If the field remains as it is, keep an eye on Steyer, whose vast wealth could buy him the name ID he needs. Ideological divisions and factional alignments could also be key. Thurmond is touting his support for a single-payer health care system and has the endorsement by California’s powerful teachers unions. Villaraigosa (who ran unsuccessfully for governor in 2018) has a well-worn reputation as a Democratic “moderate.” Porter has scars from her battles with the crypto industry, which savaged her with negative ads in 2024, while Calderon has become a crypto bro ally. Becerra can run on his legal battles with the first Trump administration (when he served as California attorney general) and Swalwell has been trading insults with Trump for years. Meanwhile the two Republicans in the race can be expected to compete for a Trump endorsement (Hilton is a long-time Trump backer on Fox News, while Bianco is a former Oath Keeper).
Ethnic and geographical rivalries could matter too. Becerra, Calderon, and Villaraigosa are Latino; Yee is Asian-American; Thurmond is Black. Calderon, Porter, and Villaraigosa are from the greater Los Angeles area; Steyer, Swallwell, Thurmond, and Yee are from the San Francisco Bay area; and Becerra is from Sacramento.
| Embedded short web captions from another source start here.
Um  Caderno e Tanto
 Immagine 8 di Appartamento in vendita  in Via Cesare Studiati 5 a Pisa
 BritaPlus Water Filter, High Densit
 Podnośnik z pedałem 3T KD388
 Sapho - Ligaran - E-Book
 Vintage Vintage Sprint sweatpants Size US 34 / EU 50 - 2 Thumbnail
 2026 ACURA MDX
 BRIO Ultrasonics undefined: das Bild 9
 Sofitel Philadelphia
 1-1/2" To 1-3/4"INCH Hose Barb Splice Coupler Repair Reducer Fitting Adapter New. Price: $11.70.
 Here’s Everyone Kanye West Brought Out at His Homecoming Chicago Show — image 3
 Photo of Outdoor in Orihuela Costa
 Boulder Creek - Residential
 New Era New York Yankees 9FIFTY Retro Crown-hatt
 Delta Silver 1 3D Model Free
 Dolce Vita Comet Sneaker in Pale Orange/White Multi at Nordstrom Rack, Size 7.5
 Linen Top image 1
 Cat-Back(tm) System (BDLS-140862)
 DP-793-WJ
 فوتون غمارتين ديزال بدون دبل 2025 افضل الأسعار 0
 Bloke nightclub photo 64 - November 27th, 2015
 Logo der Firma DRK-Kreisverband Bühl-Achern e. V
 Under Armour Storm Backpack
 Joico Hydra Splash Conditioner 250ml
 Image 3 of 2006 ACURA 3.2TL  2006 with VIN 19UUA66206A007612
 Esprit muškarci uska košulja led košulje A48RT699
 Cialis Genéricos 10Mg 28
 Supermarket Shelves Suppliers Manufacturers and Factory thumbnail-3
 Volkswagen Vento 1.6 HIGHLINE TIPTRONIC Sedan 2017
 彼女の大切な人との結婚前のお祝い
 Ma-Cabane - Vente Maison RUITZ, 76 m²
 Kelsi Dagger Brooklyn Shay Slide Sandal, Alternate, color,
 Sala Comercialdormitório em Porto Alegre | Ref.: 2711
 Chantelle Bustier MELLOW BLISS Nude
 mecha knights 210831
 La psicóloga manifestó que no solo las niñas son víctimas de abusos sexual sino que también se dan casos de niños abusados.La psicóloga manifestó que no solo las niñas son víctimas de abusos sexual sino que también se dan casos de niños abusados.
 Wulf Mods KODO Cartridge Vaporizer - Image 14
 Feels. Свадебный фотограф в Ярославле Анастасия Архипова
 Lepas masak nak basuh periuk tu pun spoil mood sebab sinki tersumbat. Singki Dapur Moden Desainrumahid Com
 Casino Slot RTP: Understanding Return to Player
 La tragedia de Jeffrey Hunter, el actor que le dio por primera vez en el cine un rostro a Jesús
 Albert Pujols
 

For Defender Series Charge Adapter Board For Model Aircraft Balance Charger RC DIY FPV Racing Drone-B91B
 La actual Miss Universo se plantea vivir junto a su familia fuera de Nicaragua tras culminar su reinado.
Schwarzenegger was the last California governor from Southern California, but he also represented the last gasp of truly moderate Republicanism.
While the field could shrink or expand even more before the filing deadline, the next governor of California probably won’t enter office with anything like the street cred and national prominence of the other 21st century chief executives, who often acted as though the state is an independent principality with its own foreign and domestic policies. Newsom will also leave some chronic fiscal problems, a perpetually fractious legislature, all sorts of natural resources and environmental challenges, and a housing “affordability” crisis that has spurred a national debate over a so-called “abundance” agenda prioritizing regulatory streamlining to speed up housing and other construction. It’s a lot, but whoever wins will become a lot more famous, fast.